Doch mittlerweile ist das kooperative Spielen auch bei Erwachsenen wieder beliebt. „Das ist ganz klar ein Trend“, sagt Silke Ruoff vom Hersteller Kosmos: „Wir merken, dass sich kooperativ angelegte Spiele gut verkaufen.“

Das war nicht immer so: „Kooperative Spiele waren eine zeitlang verpönt“, sagt Stefanie Kuschill: „Das lag vor allem daran, dass sie in den Siebzigern und Achtzigern einen pädagogischen Hintergrund hatten.“ Damals hießen die Spiele „Sauerbaum“, bei dem die Spieler gemeinsam einen Baum vor saurem Regen retten, „Verhindern wir das Atomkraftwerk“ oder „Wenn es leckt“, bei dem mit vereinten Kräften ein Giftmüllskandal aufgedeckt wurde.

„In den letzten Jahren hat man aber gemerkt, dass in der Idee, kooperativ zu spielen, mehr steckt, als nur gemeinsam einen Baum zu retten“, sagt Stefan Ducksch, der ebenfalls in der „Spiel des Jahres“-Jury sitzt.

Beim Klassiker "Mensch ärgere Dich nicht" gilt auch weiterhin: Nur einer kann gewinnen.

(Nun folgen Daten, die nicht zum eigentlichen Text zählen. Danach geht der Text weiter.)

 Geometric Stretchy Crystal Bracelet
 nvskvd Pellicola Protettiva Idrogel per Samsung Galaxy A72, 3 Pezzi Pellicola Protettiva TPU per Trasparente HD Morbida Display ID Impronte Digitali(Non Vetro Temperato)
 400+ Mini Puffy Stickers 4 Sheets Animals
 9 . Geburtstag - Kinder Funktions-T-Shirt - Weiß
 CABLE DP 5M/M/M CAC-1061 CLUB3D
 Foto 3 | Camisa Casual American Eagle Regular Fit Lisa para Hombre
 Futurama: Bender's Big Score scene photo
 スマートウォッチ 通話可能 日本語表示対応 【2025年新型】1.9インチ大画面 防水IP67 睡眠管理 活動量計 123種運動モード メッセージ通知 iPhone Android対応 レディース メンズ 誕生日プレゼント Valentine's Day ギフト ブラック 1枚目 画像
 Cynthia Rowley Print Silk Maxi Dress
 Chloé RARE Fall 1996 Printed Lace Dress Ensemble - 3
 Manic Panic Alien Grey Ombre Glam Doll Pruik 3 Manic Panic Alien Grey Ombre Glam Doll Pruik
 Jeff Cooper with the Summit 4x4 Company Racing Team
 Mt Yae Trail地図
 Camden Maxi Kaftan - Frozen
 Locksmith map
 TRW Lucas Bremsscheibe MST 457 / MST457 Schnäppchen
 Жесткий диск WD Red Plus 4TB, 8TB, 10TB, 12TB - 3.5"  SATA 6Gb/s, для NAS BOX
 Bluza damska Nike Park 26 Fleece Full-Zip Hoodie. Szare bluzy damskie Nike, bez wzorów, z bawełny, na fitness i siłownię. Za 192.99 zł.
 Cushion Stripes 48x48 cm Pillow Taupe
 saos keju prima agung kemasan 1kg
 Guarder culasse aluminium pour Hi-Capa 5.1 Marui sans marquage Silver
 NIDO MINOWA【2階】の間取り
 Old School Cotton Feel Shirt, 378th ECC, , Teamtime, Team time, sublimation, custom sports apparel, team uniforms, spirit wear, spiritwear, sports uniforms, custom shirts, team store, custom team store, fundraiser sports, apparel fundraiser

Beim Klassiker "Mensch ärgere Dich nicht" gilt auch weiterhin: Nur einer kann gewinnen. © dpa

Statt auf Zeigefinger-Pädagogik zu setzen, entwickelten die Spieleautoren lieber spannende Spielmechanismen. Mit „Hanabi“ aus dem Hause Abacus wurde 2013 sogar ein kooperatives Werk „Spiel des Jahres“. Das war auch deshalb ungewöhnlich, weil es sich um ein Kartenspiel in kleiner Verpackung handelt — normalerweise gewinnen eher aufwendig gestaltete Brettspiele.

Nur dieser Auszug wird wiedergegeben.